═══ SOURCE INFORMATION
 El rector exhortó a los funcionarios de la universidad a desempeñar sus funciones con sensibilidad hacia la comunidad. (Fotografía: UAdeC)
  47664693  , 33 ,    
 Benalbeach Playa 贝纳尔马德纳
══════
═══ SOURCE INFORMATION
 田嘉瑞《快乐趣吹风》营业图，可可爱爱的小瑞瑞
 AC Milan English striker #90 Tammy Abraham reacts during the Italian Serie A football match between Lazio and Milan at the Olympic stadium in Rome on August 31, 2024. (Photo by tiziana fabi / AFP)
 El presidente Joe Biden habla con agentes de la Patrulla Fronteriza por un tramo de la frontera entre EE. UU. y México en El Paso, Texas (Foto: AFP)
══════
■ **TO DO**
Find the line with "El rector exhortó" in the entries above. Retype it and each line after it, exactly, through the line with "Benalbeach Playa 贝纳尔马德纳", and stop there.

■ **TASK ANSWER**
 El rector exhortó a los funcionarios de la universidad a desempeñar sus funciones con sensibilidad hacia la comunidad. (Fotografía: UAdeC)
  47664693  , 33 ,    
 Benalbeach Playa 贝纳尔马德纳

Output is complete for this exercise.